Slow Motion Dangerous in Courtroom

THOSE of us who live in Los Angeles County take an unusually sharp interest in the upcoming federal trial of the police officers who were videotaped in the act of beating Rodney King. That's understandable, since the outcome of the first trial so dramatically affected our city and our lives. Perhaps more surprisingly, the whole world seems intent on the preparations for the second trial - for the reason, most likely, that nearly everyone has seen that tape on TV and has been shocked and affected by it.

The very issue of the shocking nature of that videotape now appears destined to become an issue in the trial: The attorneys defending the police officers have announced their intention to expose the jury to repeated playings of it in the courtroom, upwards of 30 or 40 times, "to get them past the shock."

It would not be hard to argue, I think, that no one should be deprived of his shock at seeing several armed "peace officers" clubbing and stomping upon a prostrate and unarmed citizen already dazed by the electric shocks of their taser guns.

Outrage at brutality is a humane quality we should not willingly surrender. But the fact is that repeated viewings do immunize us against our own natural reactions - as anyone who has worked in a hospital emergency room knows. In fact, medical students around the country are required to watch lengthy and repetitive screenings of graphic material, in order to prevent them from feeling "unprofessional" emotions in clinical settings. Multiple viewings can rob anything of charm, or of the power to shock - ca n make anything, literally, deja vu.

People are not machines, however, and their reactions are not automatic. The discipline of media studies is predicated on the assumption, quite relevant in this case, that you can become skeptically aware of what you are watching, and so avoid the effects that advertisers, politicians, or lawyers have in mind for you. If the jurors can be put on their guard against the numbing effect of repeated screenings, then there is hope that they can preserve their senses of justice and compassion intact.

But there is another, more insidious way that the videotape can be used to skew jurors' judgments, and that is the use of slow motion. Since the original verdict, I have been trying to bring to people's attention the fact (which I was first alerted to by Marshall McLuhan's landmark study, "Understanding Media") that slow-motion footage distorts a crucial dimension of reality - that is, the temporal dimension. Dr. McLuhan established that retarding the rate at which information is conveyed involves the vi ewers emotionally in what they are seeing. In his "hot/cool" dichotomy, slow motion "cools off" the image, making it almost hypnotic.
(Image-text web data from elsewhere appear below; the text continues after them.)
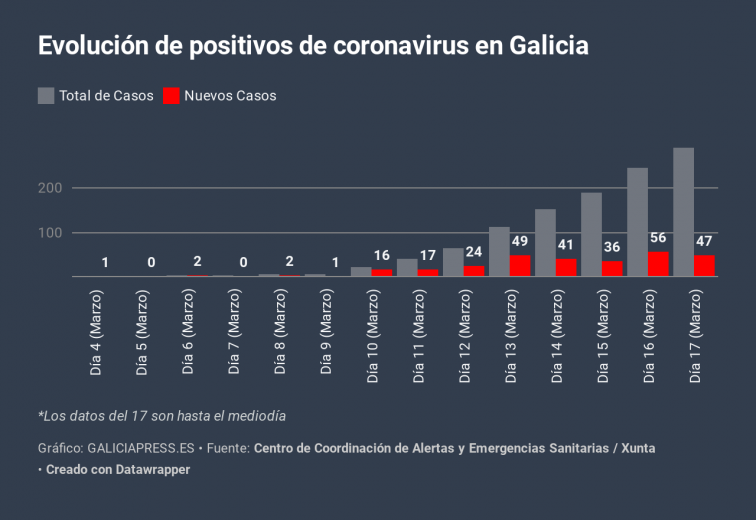 Coronavirus: la gráfica muestra que el número de nuevos casos en Galicia sigue sin dispararse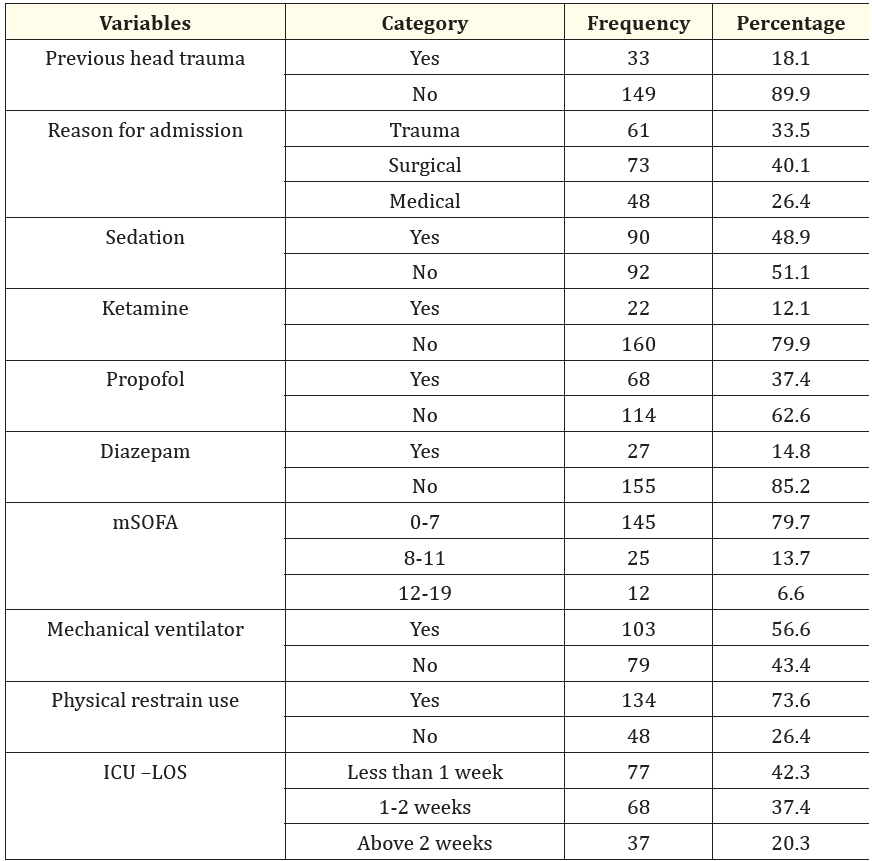 Table 2: Patient Characteristics and treatments employed in patients admitted to the intensive care unit in selected teaching hospitals of southern Ethiopia, January 15-April 15, 2024 (n = 182).
Key: mSOFA: Modified Sequential Organ Failure Assessment; ICU LO: Intensive Care Unit Length of Stay.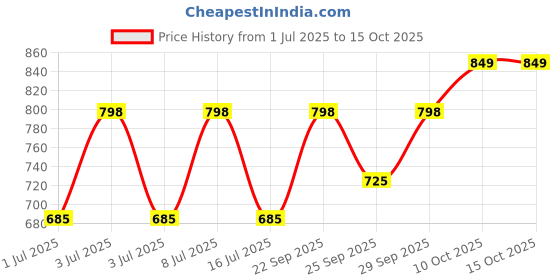 amazon.in TEDDYY Baby Easy Extra Large Diaper Pants 52 Count (Pack of 2), 13-18 kgs, 12 hrs Leak Protection, Anti - Bacterial. Price History Graph from 1 Jul 2025 to 15 Oct 2025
IN the first trial (the one that set off the riots), defense attorneys played the tape of the beating at extremely slow motion (at 3 percent of real time, in places), while asking their clients, "Was the suspect obeying your order to lie still here? Was he obeying it here?" Every movement of the victim's body, as the blows descended on him was made to look as if he might get up and charge the armed officers. This was, indeed, the only way in which the beating might have been made to seem justified - and,

as the world learned last year at Los Angeles's expense, the strategy worked.

Advertisers know all about how hypnotic and involving slow-motion can be. Roughly half of nationally broadcast television commercials now use slow-motion footage set to music - as any five minutes of TV-watching will show you if you look for it - with the result that we hardly notice slow motion at all. And yet the temporal dimension is as crucial to reality as the spatial dimensions; it is one of what the ancients referred to as the "unities." But we're so familiar with stretching reality on the rack of

VCR for our own amusement that we forget what's being lost. For, just as you can make a thin person look fat by distorting one of the spatial dimensions, so you can make an innocent person look guilty by distorting the temporal dimension.

Slow motion can be innocent, or even a source of beauty (as in a flock of snow cranes caught in flight), since it tends to estheticize reality - to put it, that is, at a beautiful remove. Slow motion can also be hypnotic - can you think of a single breakfast cereal commercial where the milk does not fall on the flakes in slow-motion, cleverly getting you to look at the product being sold? And slow motion can even be practical, as in a sports instant-replay that can show you whether it was the runner or t he fielder who touched base first.

But in questions of judgment where thoughts and motives are the issue, slow motion is guilty. It is, in my opinion, a form of tampering with the evidence and ought to be ruled inadmissible in courts of law. Rules of evidence exist in order to keep jurors' emotions from being abused. That is why, in a murder case, for instance, it is inadmissible to bring the corpse into the courtroom: the jurors' reactions would be so emotional as to impair their judgment. Slow motion - this is Mr. McLuhan's point - is s imilarly emotional in its appeal because it by-passes the rational faculties. No wonder it is a favorite device in rock videos and among film directors enamored of the irrational, such as David Lynch.

My hope is that the rules of evidence will be updated to take account of our new powers to distort and create visual imagery, and that more people will become aware that real justice can exist only in real time. Whether through a lawyer's manipulative repetition or through the more subtle distortion of a videotape played in slow motion, we must not allow ourselves to be deprived of our natural outrage at the sight of a manifest injustice.